A. Budaya Materialisme
         Budaya materialisme  berasal dari pemikiran materalistis dari pemikiran Barat yang masuk ke dalam budaya IndonesiaMaterialisme adalah aliran dalam filsafat yang memandang bahwa segala sesuatu adalah realitas, dan keseluruhan realitas adalah materi. Bagi materialism bahwa di dalam hidup kemasyarakatan satu-satunya yang nyata adalah “ adanya masyarakat ” dan masyarakat itu berproduksi. (Materi itu berwujud, bukan abstrak). Budaya ini melahirkan pribadi-pribadi yang hanya memikirkan sandang, pangan dan papan. Pertentangan, perselisihan dan konflik yang akhirnya membawa pertumpahan darah, lebih banyak disebabkan oleh perebutan kedudukan, kekuasaan, pengaruh, wewenang, jabatan, hak milik untuk mendapatkan pengikut yang banyak. Banyaknya pengikut memberikan status dan privileges sendiri dalam budaya kita. 

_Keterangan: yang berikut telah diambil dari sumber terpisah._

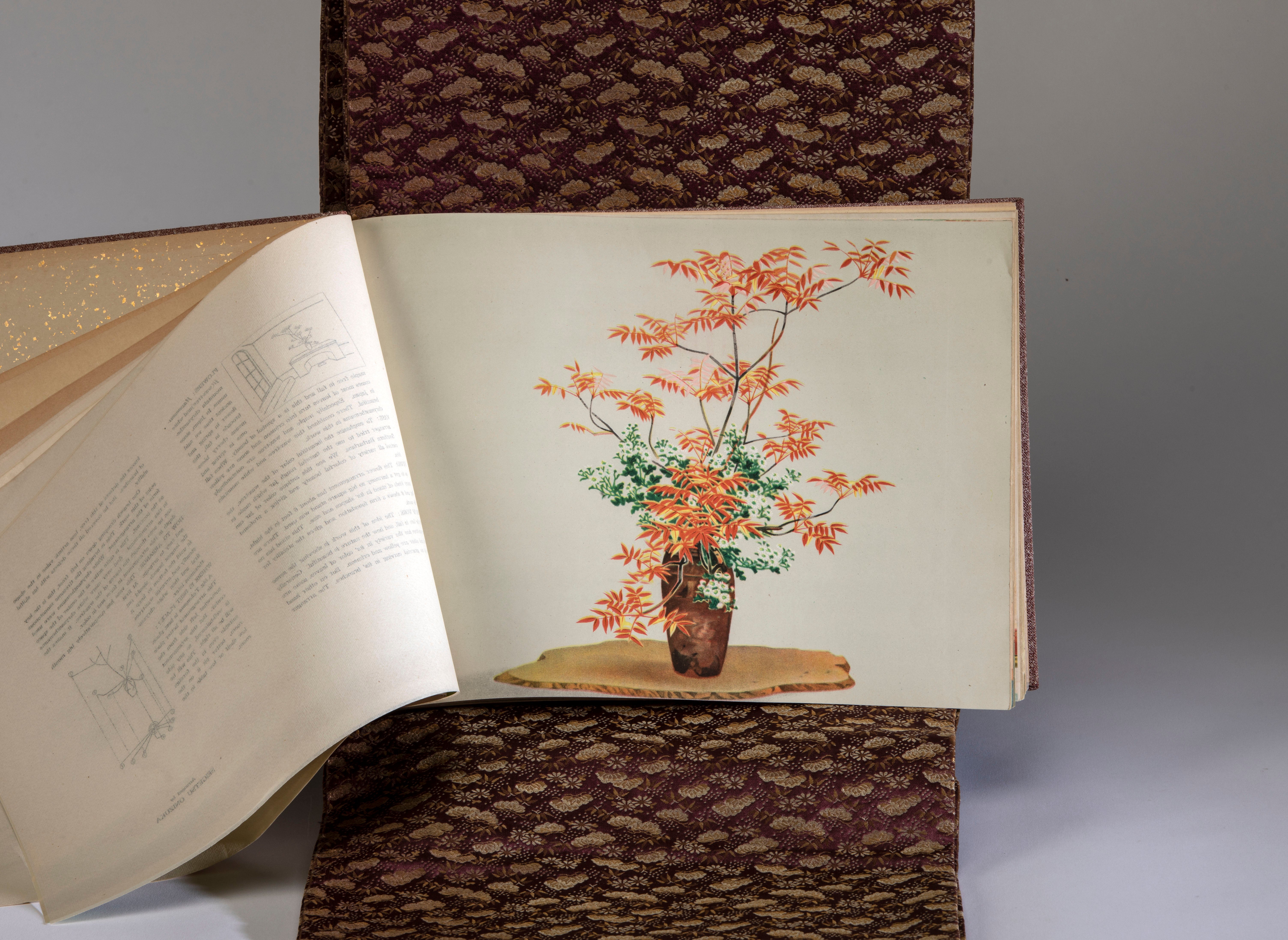 Modern Japanese Art of Flower Arrangements Book with Obi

Corak budaya seperti ini bersifat unik dan enkulturatif, perlu pemahaman historis-antropologis-ekonomi. Bila dahulu banyaknya pengikut disebabkan oleh daya karisma seseorang,  yang setiap kata dan tindakannya akan dijadikan panutan dan memberi privileges juga bagi yang dekat dengan tokoh ini, maka sekarang materi menjadi acuan ketokohan seseorang. Dahulu, karisma terdapat pada tokoh-tokoh ulama, guru dan orang yang memiliki ilmu (intelektual). Tapi saat ini, ketika ijazah telah menjadi bagian dari kedudukan dan status sosial masyarakat, ketokohan ulama, guru dan intelektual telah kehilangan kesakralannya. Karisma yang semula merupakan daya magnetis seseorang yang muncul dari pancaran kepribadian dan akhlaqnya, digantikan oleh kepemilikannya atas harta dan kekayaan. Materi menjadi segala-galanya untuk menjalani proses kehidupan ini. Akhirnya sikap pragmatis muncul untuk berlomba-lomba mendapatkan kehormatan, status, ketokohan ataupun kekuasaan. Dahulu budaya Patron-klien bersifat saling menguntungkan, dimana majikan atau pimpinan akan memberi perlindungan dan kesejahteraan bagi pengikut-pengikutnya dan sebaliknya pengikut-pengikut memberikan loyalitas dan dedikasinya untuk memperkuat posisi  majikan atau pimpinannya untuk jaminan kelangsungan kegiatan seluruh masyarakat.
Kini pimpinan lebih banyak melakukan eksploitasi kepada para pengikutnya, demi memperbesar kekuasaan  dan kekayaan, akibatnya jurang pemisah pimpinan dan masyarakatnya  semakin dalam, tingkat kehidupan si kaya dan si miskin semakin tidak seimbang. Ketidakseimbangan dalam pendapatan dan kehidupan  membuka peluang terjadinya manipulasi, dan tindakan manipulasi yang paling mudah dilakukan adalah korupsi. Lingkaran ini menjelaskan bagaimana korupsi dapat meluas mulai dari tingkat elite hingga masyarakat di bawah dalam segenap kehidupan. Hal tsb. diperparah dengan tidak ada satu elemen elite politikpun yang bersungguh-sungguh untuk mengakhiri praktek korupsi yang sudah menggurita ini.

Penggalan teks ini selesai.